Non-energy benefits (or costs)—such as reduced emissions (see above) and environmental benefits, productivity improvements, high comfort and convenience, reduced debt and lower levels of arrearage, and job creation—are typically not included in benefit–cost tests. Some argue that these non-energy benefits should be included, since evaluation methods are available and, more importantly, these benefits often are valued more highly than the energy benefits for motivating end users to invest in energy efficiency or change their energy behavior (Skumatz et al. 2009).

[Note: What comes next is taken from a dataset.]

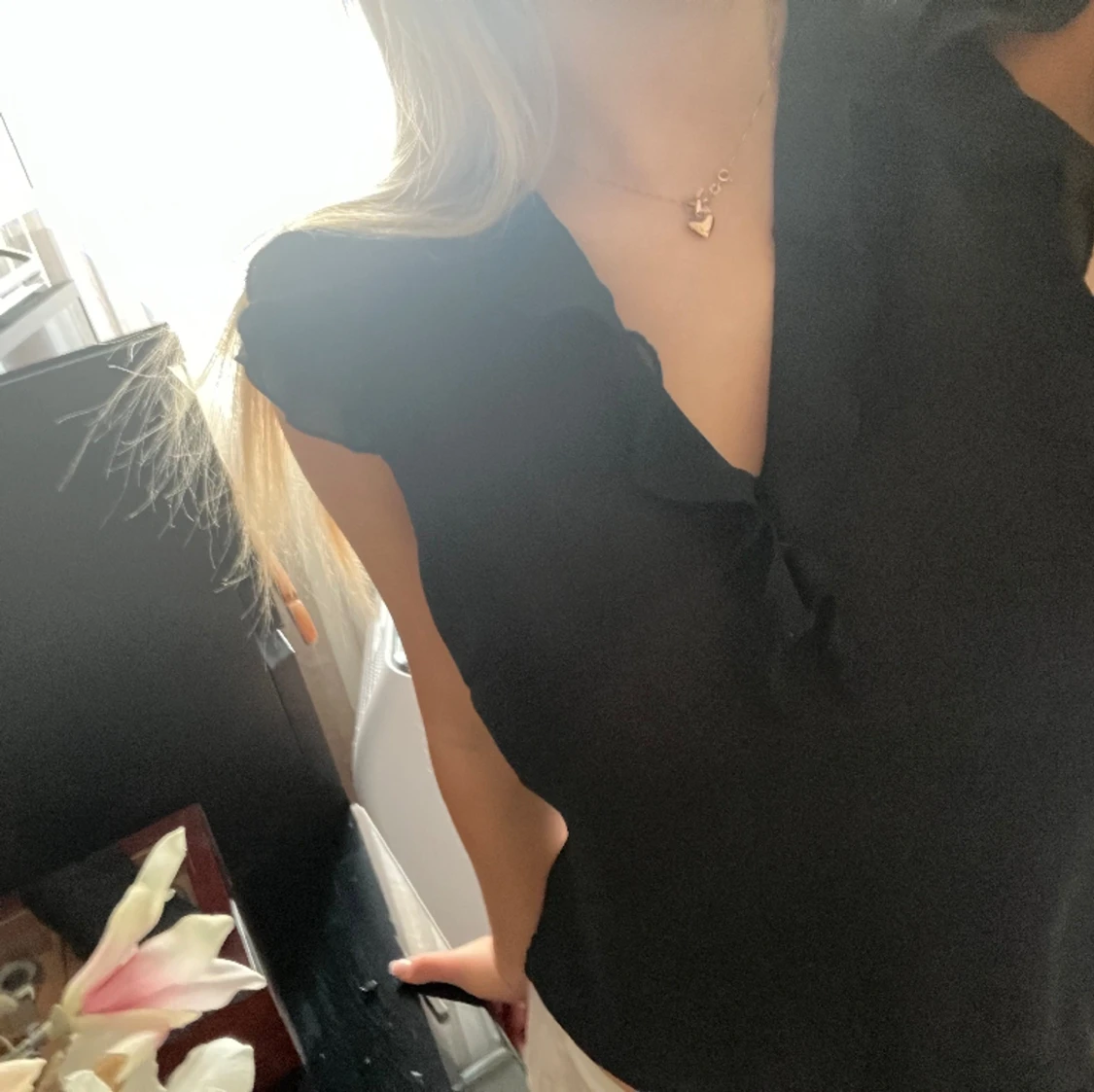 Blus med volanger  - 90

In conclusion, as the scope of energy-related policy and investments both expand and intersect with energy and environmental regulation, they may force cost-effectiveness metrics to be redefined, with implications for EM&V.

Evaluation practice

The practice of evaluation depends on how the results are used, as noted above: for example, (a) demonstrating energy efficiency as a reliable energy resource, (b) using energy efficiency as a means for reducing carbon emissions, (c) determining shareholder incentives, (d) improving the quality of programs, etc. The number and types of stakeholders have increased over time, making the evaluation practice more comprehensive and of greater interest to parties who wish to use the evaluation results for their own agendas. For example, if certain stakeholders either do not value energy efficiency as a resource or question the cost and/or reliability of energy efficiency as a resource, then it is incumbent upon the evaluator to accurately quantify the costs and benefits of the energy-efficiency program and to compare the value of that resource (e.g., the cost of conserved energy) with other resources (e.g., the avoided cost of a combined cycle natural gas plant, a wind generator, or some other generation source). In addition, evaluators need to periodically assess the persistence of these energy savings over time, to ensure that energy efficiency can be counted in utility procurement plans and to make sure that the carbon reductions are properly accounted for over the life of an energy efficiency measure. Similarly, if stakeholders are primarily interested in shareholder incentives, then the evaluation will focus on those measures that affect the ultimate outcome of the incentive mechanism (e.g., high impact measures), and may pay little attention to those measures (and programs) that do not result in significant energy savings.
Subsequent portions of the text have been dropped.